OK, we've covered references, figures, and tables, what about equations.

Equations have a few fincky things, see bookdown instructions here

As you can see in Equation.\@ref(eq:binom)
\begin{equation}
f\left(k\right) = \binom{n}{k} p^k\left(1-p\right)^{n-k}
(\#eq:binom)
\end{equation}
24 / 53

Supplementary Materials

Supplementary materials / Supporting Information / Online Appendix (seriously, get it together academic) can be a pain.
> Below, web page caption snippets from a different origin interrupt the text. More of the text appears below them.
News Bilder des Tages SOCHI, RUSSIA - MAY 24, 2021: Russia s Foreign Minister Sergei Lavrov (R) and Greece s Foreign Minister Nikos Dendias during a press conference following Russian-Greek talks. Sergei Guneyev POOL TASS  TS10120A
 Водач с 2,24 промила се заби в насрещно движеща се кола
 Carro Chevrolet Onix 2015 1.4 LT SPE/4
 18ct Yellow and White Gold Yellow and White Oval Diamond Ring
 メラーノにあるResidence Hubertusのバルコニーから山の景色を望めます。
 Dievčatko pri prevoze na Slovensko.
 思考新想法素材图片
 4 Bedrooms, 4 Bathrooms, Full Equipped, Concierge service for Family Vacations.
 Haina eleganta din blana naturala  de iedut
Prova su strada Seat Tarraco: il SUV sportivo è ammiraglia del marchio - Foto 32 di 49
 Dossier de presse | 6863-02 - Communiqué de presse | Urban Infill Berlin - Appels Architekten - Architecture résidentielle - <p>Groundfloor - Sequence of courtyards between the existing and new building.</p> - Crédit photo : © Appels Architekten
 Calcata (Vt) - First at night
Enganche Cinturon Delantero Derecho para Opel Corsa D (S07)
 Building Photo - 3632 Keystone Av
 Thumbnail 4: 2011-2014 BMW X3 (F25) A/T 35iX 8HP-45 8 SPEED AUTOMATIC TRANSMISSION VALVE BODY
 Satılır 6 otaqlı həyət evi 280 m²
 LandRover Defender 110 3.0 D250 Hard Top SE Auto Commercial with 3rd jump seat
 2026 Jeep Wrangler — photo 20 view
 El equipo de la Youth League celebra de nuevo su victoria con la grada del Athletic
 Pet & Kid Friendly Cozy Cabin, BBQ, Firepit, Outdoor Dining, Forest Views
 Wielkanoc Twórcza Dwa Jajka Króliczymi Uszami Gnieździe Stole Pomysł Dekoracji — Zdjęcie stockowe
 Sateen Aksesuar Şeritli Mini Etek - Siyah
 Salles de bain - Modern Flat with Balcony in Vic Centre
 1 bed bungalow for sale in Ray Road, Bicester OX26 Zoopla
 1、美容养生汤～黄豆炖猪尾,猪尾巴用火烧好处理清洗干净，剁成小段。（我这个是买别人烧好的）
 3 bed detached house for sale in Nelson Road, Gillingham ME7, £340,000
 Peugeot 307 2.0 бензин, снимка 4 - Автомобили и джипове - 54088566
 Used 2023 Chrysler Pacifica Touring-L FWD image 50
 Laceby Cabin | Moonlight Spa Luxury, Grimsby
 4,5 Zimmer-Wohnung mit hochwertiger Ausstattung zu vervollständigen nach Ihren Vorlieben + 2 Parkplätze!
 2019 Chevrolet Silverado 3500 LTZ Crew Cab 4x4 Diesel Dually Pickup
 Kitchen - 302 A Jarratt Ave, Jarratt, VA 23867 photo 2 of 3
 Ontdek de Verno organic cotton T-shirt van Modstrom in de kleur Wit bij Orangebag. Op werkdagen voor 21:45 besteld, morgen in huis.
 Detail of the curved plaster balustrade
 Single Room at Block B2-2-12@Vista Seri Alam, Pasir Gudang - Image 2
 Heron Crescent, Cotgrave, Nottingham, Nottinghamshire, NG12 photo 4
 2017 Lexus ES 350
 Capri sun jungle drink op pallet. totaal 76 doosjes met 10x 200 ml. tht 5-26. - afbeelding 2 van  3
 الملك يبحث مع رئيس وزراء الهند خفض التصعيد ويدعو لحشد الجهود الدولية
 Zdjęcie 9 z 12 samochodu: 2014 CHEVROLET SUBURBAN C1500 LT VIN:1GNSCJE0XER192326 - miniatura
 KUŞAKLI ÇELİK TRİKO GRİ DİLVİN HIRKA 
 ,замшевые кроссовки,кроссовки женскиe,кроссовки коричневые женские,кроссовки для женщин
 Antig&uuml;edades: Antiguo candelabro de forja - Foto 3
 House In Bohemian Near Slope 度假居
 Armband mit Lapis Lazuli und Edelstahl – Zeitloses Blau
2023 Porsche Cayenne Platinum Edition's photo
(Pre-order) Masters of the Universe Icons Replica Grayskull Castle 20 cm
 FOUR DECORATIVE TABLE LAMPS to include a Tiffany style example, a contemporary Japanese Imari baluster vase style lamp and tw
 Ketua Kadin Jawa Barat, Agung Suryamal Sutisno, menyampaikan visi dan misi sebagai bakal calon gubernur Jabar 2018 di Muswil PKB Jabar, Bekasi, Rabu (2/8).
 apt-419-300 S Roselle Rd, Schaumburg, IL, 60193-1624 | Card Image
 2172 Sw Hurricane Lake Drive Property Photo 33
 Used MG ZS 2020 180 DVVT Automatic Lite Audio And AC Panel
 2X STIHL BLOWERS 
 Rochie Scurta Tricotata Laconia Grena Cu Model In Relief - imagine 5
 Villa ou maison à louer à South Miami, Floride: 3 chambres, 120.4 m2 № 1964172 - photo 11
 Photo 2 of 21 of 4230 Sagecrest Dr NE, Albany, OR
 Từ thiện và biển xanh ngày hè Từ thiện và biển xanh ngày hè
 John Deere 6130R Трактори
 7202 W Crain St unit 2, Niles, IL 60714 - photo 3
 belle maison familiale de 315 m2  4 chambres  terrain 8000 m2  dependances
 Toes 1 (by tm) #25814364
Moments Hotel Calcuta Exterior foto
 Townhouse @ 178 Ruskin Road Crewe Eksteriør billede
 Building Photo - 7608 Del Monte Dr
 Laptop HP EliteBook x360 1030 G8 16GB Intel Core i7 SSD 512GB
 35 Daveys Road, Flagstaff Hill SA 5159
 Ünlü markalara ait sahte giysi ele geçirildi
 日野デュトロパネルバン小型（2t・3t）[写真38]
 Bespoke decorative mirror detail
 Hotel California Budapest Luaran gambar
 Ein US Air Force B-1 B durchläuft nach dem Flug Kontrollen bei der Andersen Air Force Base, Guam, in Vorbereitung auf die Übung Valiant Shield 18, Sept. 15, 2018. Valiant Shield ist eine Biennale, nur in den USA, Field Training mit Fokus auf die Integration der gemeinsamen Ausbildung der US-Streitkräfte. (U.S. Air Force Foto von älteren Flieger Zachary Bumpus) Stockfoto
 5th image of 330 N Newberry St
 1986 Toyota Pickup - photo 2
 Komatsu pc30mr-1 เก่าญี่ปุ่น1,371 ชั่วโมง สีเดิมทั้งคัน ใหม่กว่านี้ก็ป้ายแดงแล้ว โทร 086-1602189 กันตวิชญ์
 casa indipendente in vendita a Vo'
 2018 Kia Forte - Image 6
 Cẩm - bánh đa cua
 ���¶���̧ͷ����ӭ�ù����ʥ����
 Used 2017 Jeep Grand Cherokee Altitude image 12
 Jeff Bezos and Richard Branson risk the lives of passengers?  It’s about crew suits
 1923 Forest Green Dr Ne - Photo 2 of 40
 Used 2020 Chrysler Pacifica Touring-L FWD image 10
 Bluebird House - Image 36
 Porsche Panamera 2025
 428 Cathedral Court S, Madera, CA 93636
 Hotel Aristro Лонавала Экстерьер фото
Journals often want you to append "S" to everything, restart figure numbering etc (e.g. Figure S1)

Here's how!

# Supplementary Materials
\renewcommand{\thefigure}{S\arabic{figure}}
\setcounter{figure}{0}
\renewcommand{\thetable}{S\arabic{table}}
\setcounter{table}{0}
\renewcommand{\theequation}{S\arabic{equation}}
\setcounter{equation}{0}
Here are our Supplementary materials...
25 / 53

Supplementary Materials

Knit Child

The above example, combined with the trick I showed you to manually create the reference section, can make it easy to insert small supporting information right after your main references.

But, if you have a massive SI, with lots of references, it might be nice to put them in a separate document. This is where knitr::knit_child comes in: It allows us to write another section, say an Appendix, in a separate markdown document, and then include the output in this document.

The results of this "child" document will be knit into the main document!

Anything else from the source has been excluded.